■ **EXERCISE PROMPT**
Please make an exact copy of the lines from the one holding "22h, sau khi" through the end of the data, both ends included, with no pictures.

■ **SUPPLIED DATA**
^^^^^^^^^^^^^^^^
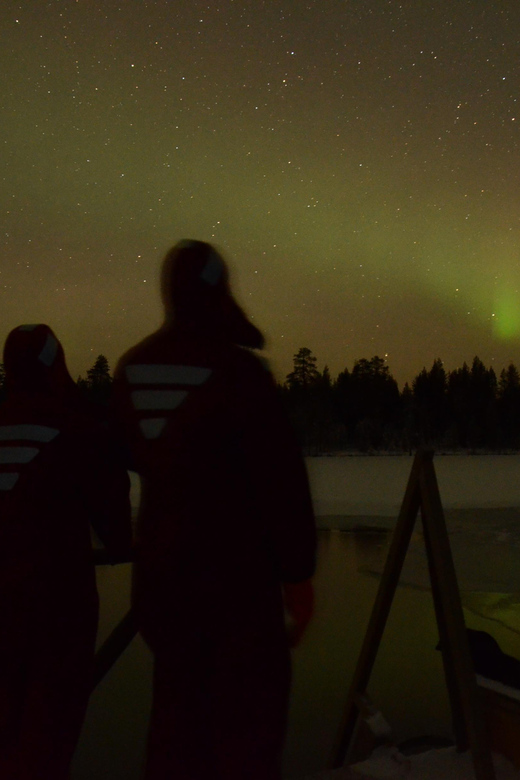 Ylläs: Seeking Northern Lights Photo Tour - If the sky stays quiet, you still get something real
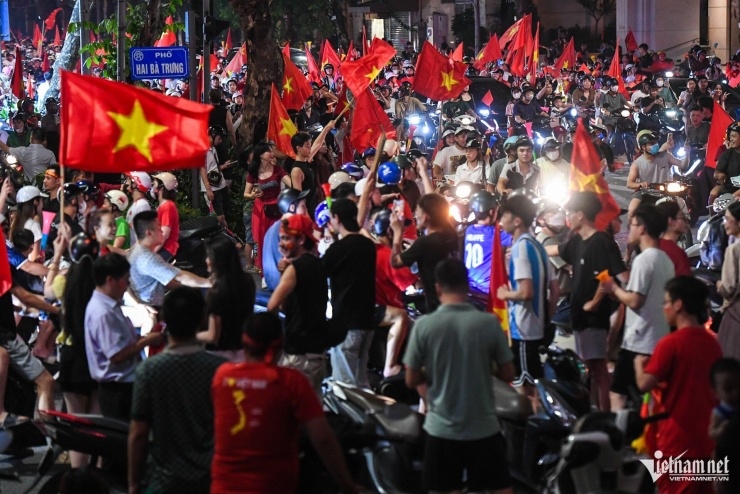22h, sau khi chiến thắng của tuyển Việt Nam tại ASEAN Cup được ấn định, người dân Hà Nội đổ ra đường để ăn mừng chiến thắng. Tại ngã tư Hàng Bài - Hai Bà Trưng, dòng người kẹt cứng các ngả. Tiếng reo hò vui mừng vang lên khắp nơi.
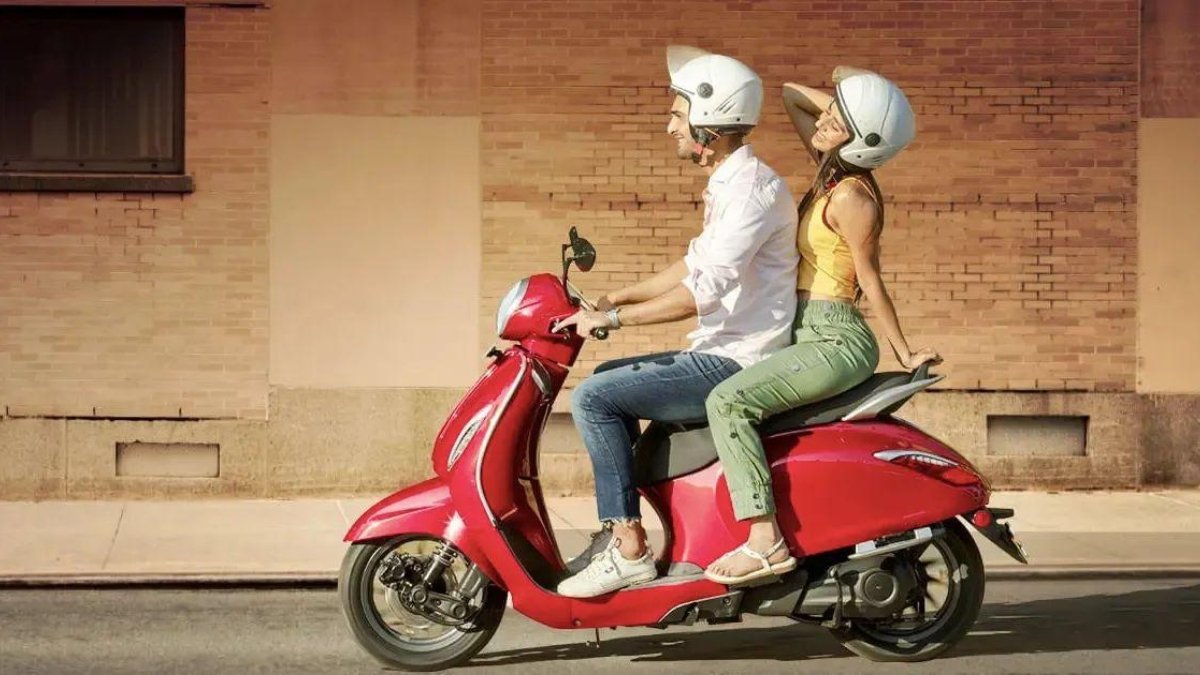 Bajaj Chetak: शानदार लुक, दमदार रेंज और स्मार्ट फीचर्स के साथ इलेक्ट्रिक स्कूटर की दुनिया में खास पहचान 1 Bajaj Chetak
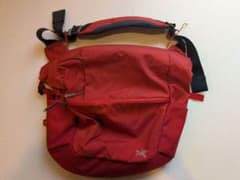 Arc'teryx Mistral 16 メッセンジャーバッグ レッド 廃盤 - メルカリ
^^^^^^^^^^^^^^^^
■ **RESPONSE TO THE EXERCISE**
22h, sau khi chiến thắng của tuyển Việt Nam tại ASEAN Cup được ấn định, người dân Hà Nội đổ ra đường để ăn mừng chiến thắng. Tại ngã tư Hàng Bài - Hai Bà Trưng, dòng người kẹt cứng các ngả. Tiếng reo hò vui mừng vang lên khắp nơi.
 Bajaj Chetak: शानदार लुक, दमदार रेंज और स्मार्ट फीचर्स के साथ इलेक्ट्रिक स्कूटर की दुनिया में खास पहचान 1 Bajaj Chetak
 Arc'teryx Mistral 16 メッセンジャーバッグ レッド 廃盤 - メルカリ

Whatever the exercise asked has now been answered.